For behold, you look for truth deep within me, and will make me understand wisdom secretly.
Psalm 51:7, Book of Common Prayer
I lied my way through church this morning. I figure when people ask, “How are you?” it’s just a social thing. Unless people already know what’s going on, the expected answer is, “Fine, and you?” I rationalize that it might be different if I were—God forbid—on chemo and bald again, but very few people at church even know about the second cancer, much less that Friday will be my fifth surgery for it.
That I attended church all during chemo reflects no special virtue on my part. I’m wired for religion, always have been. There’s strength in church, just by being in a building where prayer has been offered for more than a century. There’s beauty in the words of the liturgy and the hymns. Which is why I went this morning, when my body told me to stay home and listen to the rain on the roof. I went for purely selfish reasons—I wanted to sing (though I didn’t feel like it), and I wanted the strength of the gathered community, however ignorant I’ve kept most of its members about my upcoming surgery.
I’m not sorry I went, just sorry that I felt fragile and distracted throughout the service. My surgeon has told me he doubts I’d need a temporary bag after this surgery, but it’s hard to believe him, given that I’ve had one after each of the previous ones. I was thinking about what I could wear to church next week that would hide the bag I may not have. One of the children has taken to wearing a bunch of plastic bracelets on his right arm, and I thought about bringing him my ovarian cancer one. And I thought about the plastic band a nurse will slip on my wrist in five days, and how much I hate that band, the sign of my membership in the company of the unwell. One dear woman touched me lightly on the back when she passed my pew going up for Eucharist, and her gesture nearly undid me.

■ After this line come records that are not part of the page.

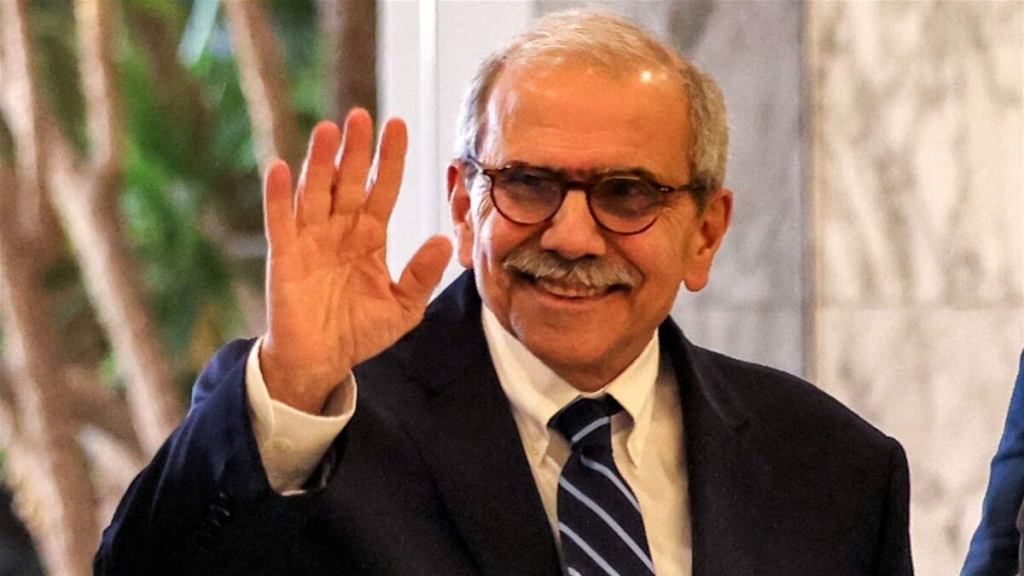 لبنان في غرفة انتظار… وسلام يكسب ثقة حزب الله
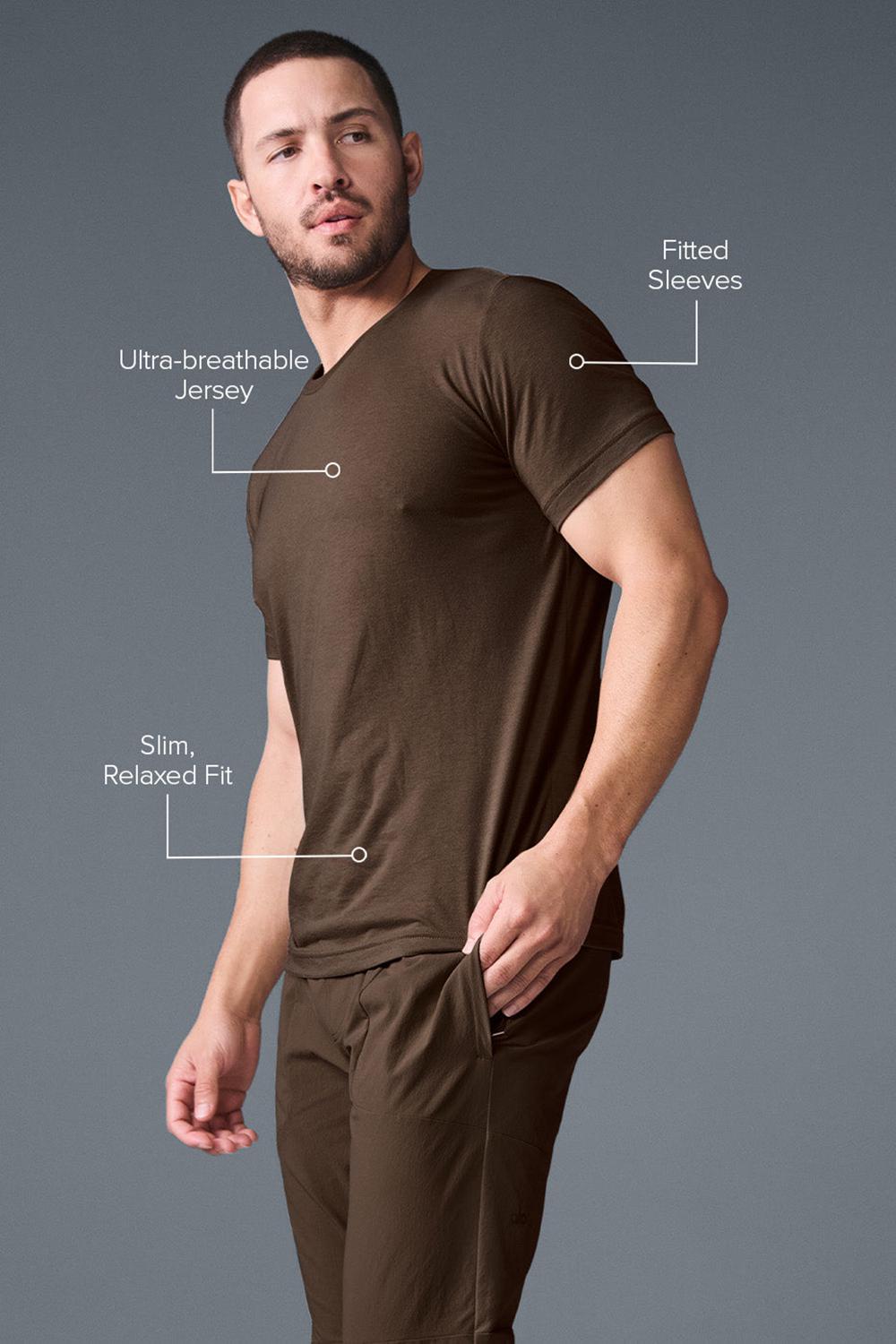 Espresso Men Alo Yoga Triumph Tee | Australia  52947-IYFJ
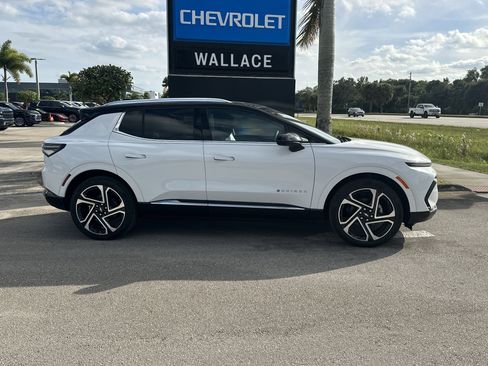 New 2026 Chevrolet Equinox EV LT image 5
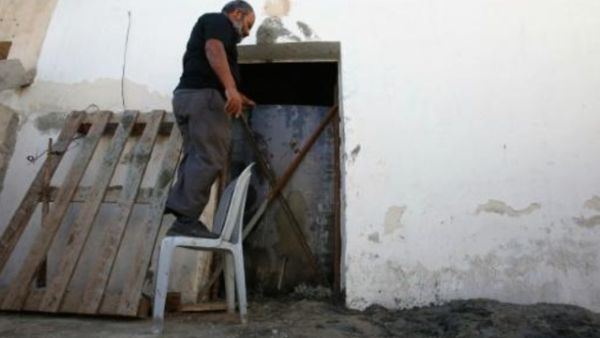 صورة التقطت في 10 تشرين الثاني/نوفمبر 2016 لوالد يوسف زين المتهم بالمشاركة في هجوم في تل ابيب بعد سد منافذ منزله في يطا جنوب الخليل

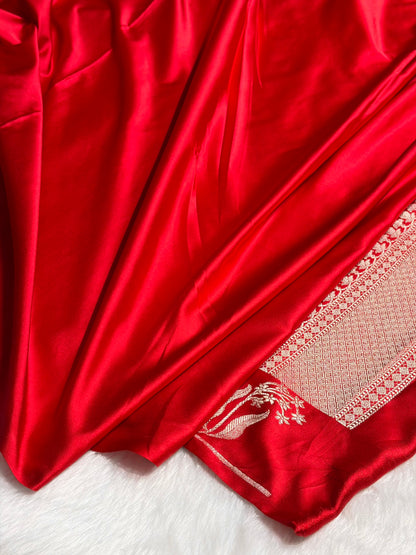 Red Shades Floral Border Booti Mashru Silk Saree MS74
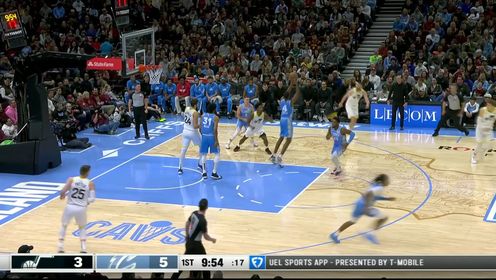 《NBA骑士》传的恰到好处！加兰直塞篮下的莫布利轻松暴扣得手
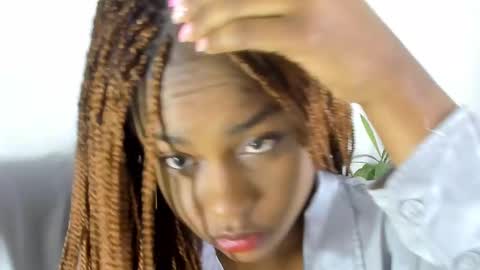 Snapshot of alison_ker chatting on 09-14-25, 08:57 Sofias house online show from 09-14-25, 08:57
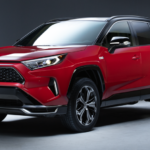 Toyota RAV4 Plug-in Hybrid 11 月現身 Toyota RAV4 Plug-in Hybrid 11 月現身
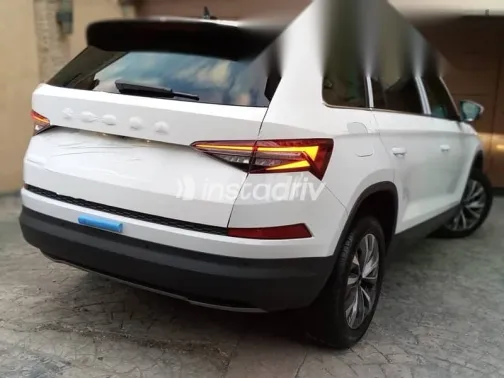 سكودا كودياك 2024 أبيض جديدة للبيع - 4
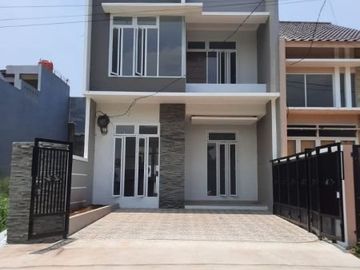 Rumah 2 Lantai di Jatiasih Bekasi Carport 2 Mobil Akses dekat Toll
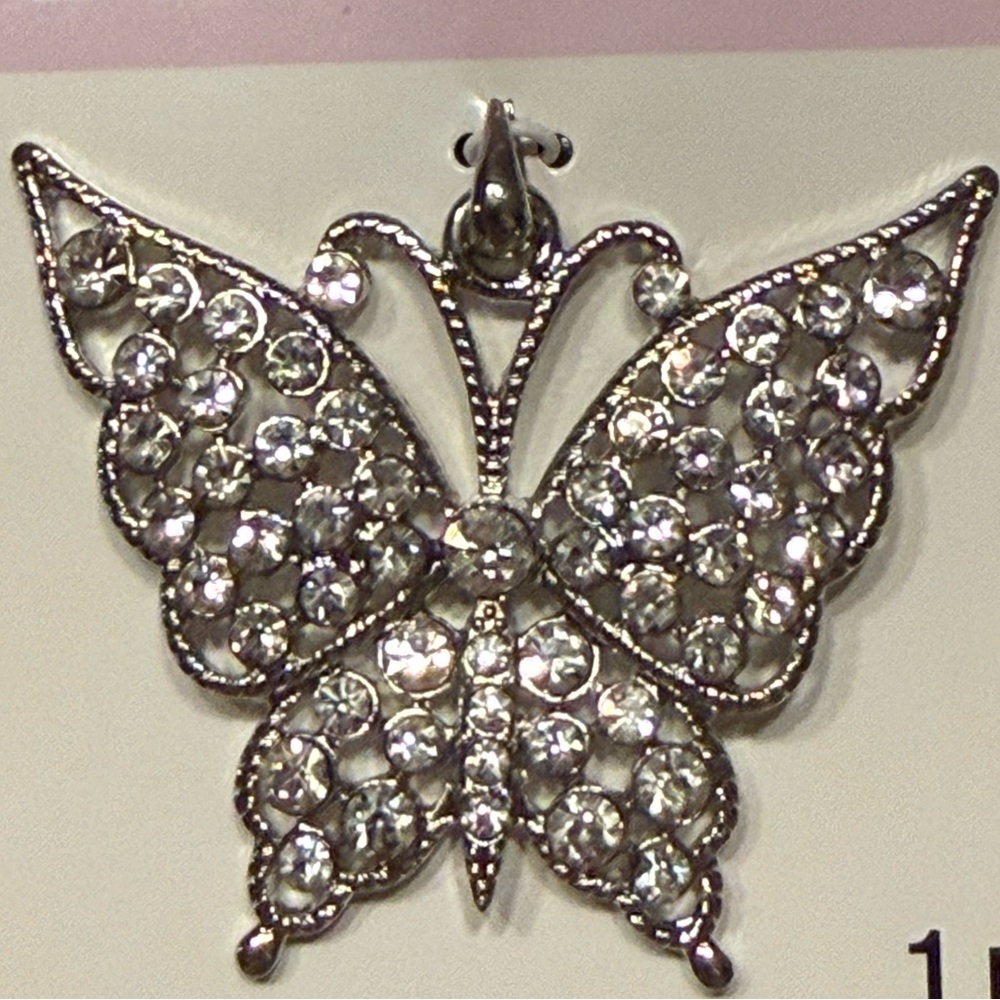 NEW Elegant Sparkling Gem Butterfly Brooch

The closing hymn included the words attributed to Francis of Assisi, “All you that pain and sorrow bear, praise God and cast on him your care.” I lost it on that line—not, thankfully, with the immense sobs of which I am capable, but some tears trickled down my face. I wasn’t in physical pain, but I was bearing sorrow, for myself and for friends undergoing various difficulties right now.
There are teenagers in my church who love me. It’s a humbling thing. I adore them, and the fact that they come and sit with me after the service to tell me about their lives, just beginning to open, and to hug me. The problem is that they’re not stupid. One asked, “Are you all right?” Another came up, looked at my face, and wanted to know, “Why are you sad?” I gave them both the same half-truth, “Good music does this to me.” Absolutely true, just not the whole truth. I was sorry I had to lie and that I’m not as good at it as I would like to be. As we waited in the line to shake the rector’s hand, one of the young mothers in the church asked how I was. I told her I was fine, apparently believing in the idea of protecting the women and the children.
I left as soon as I could after that. There didn’t seem to be any point in hanging around to enjoy fellowship at coffee hour and tell any more lies.